Wednesday 17 June 2015

Rudely Interrupted!

Have you ever been rudely interrupted? You're part way through saying something of significance (to you at least) and the person you are speaking to barges in with a comment or a question. How do you react? Ignore it and carry on regardless? Deal with their comment/question and return to what you were saying? This was one of the problems we faced in the Companions Project when we developed an animated avatar called Samuela capable of engaging in social conversation (see this post for a very brief overview).

Companions Dialogue System Interface

Occasionally, Samuela would make long multi-sentence utterances commenting on what they user had said about their day at work. Here's an example of one of Samuela's long utterances:
"I understand exactly your current situation. It's right that you are pleased with your position at the minute. In my opinion having more free time because of the decreased workload is fantastic. Meeting new people is a great way to pass the time outside of work. I'm sure Peter will provide you with excellent assistance.

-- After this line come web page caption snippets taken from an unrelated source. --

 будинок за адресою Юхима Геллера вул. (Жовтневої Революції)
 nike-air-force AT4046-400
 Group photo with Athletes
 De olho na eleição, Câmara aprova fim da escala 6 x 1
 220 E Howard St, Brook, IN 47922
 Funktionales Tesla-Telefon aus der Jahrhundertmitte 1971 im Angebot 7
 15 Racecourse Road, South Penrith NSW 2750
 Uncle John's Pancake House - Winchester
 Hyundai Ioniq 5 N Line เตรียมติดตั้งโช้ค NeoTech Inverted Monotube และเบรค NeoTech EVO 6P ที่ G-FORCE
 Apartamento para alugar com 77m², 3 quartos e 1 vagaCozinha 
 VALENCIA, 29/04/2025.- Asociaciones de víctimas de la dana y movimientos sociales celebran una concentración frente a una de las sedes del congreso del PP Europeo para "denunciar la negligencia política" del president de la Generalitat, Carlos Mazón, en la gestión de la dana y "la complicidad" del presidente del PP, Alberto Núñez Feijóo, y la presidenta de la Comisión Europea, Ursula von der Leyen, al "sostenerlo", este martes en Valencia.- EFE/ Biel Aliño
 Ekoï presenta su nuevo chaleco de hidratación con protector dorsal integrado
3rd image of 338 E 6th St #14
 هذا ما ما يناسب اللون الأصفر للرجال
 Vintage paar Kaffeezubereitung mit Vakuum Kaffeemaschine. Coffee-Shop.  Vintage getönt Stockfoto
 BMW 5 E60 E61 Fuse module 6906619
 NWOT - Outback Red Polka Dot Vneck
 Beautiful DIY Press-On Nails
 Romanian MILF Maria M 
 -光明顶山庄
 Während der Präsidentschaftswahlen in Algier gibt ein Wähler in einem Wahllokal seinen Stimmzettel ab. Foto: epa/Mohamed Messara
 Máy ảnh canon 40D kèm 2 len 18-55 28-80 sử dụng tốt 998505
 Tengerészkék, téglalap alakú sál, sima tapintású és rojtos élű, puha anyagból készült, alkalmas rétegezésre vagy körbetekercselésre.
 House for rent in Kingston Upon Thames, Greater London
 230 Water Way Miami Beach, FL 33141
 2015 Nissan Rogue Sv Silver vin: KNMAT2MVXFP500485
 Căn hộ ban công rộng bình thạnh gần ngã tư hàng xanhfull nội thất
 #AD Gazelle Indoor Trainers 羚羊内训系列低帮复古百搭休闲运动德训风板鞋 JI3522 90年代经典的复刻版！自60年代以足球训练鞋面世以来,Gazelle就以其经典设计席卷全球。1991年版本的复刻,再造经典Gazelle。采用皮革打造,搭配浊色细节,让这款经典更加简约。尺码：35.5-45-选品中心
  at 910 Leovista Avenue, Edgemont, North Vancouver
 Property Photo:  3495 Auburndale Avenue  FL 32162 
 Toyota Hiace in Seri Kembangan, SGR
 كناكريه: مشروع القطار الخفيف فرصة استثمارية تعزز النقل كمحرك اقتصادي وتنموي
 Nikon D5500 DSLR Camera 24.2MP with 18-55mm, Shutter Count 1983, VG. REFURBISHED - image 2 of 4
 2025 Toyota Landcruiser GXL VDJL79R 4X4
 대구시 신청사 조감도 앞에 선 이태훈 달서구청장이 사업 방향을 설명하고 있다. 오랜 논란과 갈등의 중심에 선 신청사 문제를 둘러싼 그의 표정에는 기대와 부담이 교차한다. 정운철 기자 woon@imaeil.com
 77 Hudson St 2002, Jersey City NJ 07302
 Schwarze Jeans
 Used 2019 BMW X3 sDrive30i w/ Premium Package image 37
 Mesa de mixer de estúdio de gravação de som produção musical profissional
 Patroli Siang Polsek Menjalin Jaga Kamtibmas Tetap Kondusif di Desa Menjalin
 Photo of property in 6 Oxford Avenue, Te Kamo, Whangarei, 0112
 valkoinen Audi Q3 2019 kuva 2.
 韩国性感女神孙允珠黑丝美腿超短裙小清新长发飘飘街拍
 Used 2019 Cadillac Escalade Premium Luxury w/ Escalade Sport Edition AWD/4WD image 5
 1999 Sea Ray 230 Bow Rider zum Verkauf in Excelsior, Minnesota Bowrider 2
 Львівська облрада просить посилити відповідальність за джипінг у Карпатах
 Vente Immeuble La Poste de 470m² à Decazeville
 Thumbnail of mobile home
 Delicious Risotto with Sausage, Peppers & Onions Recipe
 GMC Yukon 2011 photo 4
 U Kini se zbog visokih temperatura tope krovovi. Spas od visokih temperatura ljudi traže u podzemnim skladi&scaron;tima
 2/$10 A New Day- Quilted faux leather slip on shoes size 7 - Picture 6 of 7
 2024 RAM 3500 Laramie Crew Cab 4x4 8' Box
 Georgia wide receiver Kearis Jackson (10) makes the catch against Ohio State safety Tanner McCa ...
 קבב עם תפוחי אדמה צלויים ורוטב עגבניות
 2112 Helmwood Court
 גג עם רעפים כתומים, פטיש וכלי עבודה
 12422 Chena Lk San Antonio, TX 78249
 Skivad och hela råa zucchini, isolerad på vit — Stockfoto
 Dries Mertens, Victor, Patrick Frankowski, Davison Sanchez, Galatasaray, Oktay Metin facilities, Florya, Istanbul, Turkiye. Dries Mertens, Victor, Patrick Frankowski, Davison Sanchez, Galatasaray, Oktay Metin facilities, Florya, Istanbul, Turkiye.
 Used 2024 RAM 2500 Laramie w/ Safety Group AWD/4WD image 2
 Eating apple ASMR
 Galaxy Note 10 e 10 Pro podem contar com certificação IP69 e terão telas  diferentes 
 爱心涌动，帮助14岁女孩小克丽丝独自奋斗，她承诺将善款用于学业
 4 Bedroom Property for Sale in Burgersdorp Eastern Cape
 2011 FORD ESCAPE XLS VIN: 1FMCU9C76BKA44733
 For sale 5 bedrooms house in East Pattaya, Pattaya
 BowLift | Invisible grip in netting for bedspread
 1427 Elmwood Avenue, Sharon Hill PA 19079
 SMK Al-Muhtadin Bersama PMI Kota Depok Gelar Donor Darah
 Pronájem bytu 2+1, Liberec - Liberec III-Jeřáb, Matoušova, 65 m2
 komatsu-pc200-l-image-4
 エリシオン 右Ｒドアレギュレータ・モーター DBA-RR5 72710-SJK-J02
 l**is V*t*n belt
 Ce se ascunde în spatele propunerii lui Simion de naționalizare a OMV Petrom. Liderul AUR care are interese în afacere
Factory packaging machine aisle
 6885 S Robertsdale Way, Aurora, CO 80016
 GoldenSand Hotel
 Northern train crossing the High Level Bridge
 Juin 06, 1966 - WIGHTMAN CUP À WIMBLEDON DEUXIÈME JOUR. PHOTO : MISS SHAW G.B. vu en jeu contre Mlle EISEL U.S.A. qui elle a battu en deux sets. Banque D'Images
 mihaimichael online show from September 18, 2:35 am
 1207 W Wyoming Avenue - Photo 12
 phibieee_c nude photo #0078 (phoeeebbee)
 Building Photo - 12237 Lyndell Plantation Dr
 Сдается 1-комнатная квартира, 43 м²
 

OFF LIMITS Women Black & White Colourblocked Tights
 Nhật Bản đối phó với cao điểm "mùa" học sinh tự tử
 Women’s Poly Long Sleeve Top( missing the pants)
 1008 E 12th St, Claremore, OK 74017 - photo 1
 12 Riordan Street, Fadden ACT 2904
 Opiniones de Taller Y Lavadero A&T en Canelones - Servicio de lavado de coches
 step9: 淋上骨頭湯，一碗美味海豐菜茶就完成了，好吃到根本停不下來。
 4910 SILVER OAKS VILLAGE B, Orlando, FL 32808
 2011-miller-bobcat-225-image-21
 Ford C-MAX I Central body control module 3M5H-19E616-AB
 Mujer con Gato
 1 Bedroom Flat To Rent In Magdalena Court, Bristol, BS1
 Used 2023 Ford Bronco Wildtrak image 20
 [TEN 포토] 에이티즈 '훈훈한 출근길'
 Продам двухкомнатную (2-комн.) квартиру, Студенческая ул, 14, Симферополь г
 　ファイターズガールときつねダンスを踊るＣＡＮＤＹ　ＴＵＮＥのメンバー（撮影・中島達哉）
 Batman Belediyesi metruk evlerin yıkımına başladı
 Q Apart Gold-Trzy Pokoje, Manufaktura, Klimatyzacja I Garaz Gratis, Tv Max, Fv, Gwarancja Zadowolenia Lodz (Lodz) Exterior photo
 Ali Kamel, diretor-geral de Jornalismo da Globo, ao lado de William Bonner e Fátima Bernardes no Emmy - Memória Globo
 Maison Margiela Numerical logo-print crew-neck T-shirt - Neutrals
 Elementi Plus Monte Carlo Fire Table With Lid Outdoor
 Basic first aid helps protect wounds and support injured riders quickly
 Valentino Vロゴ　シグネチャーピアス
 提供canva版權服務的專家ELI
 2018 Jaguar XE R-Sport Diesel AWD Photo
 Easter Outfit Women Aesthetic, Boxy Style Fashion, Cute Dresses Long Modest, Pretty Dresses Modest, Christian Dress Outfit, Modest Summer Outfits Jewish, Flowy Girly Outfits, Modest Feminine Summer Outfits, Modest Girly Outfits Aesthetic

Try not to let Sarah bother you either."
These long utterances provided the opportunity for (and often provoked) the user to interrupt the avatar mid speech. We realised that Samuela would need to be able to handle these interruptions and respond to them in a human-like way if she was to engage in believable social conversation with the user. A detailed description of how we implemented this barge-in interruption handling facility can be found here (Crook et al, 2012)

In summary, we faced two problems when developing this interruption handling capability. The first was detecting the occurrence of genuine interruptions and distinguishing them from back-channel utterances from the user (e.g. 'Aha', 'Yes' etc). The second was to equip the system with human-like strategies for responding to them in a natural way and continuing with the conversation.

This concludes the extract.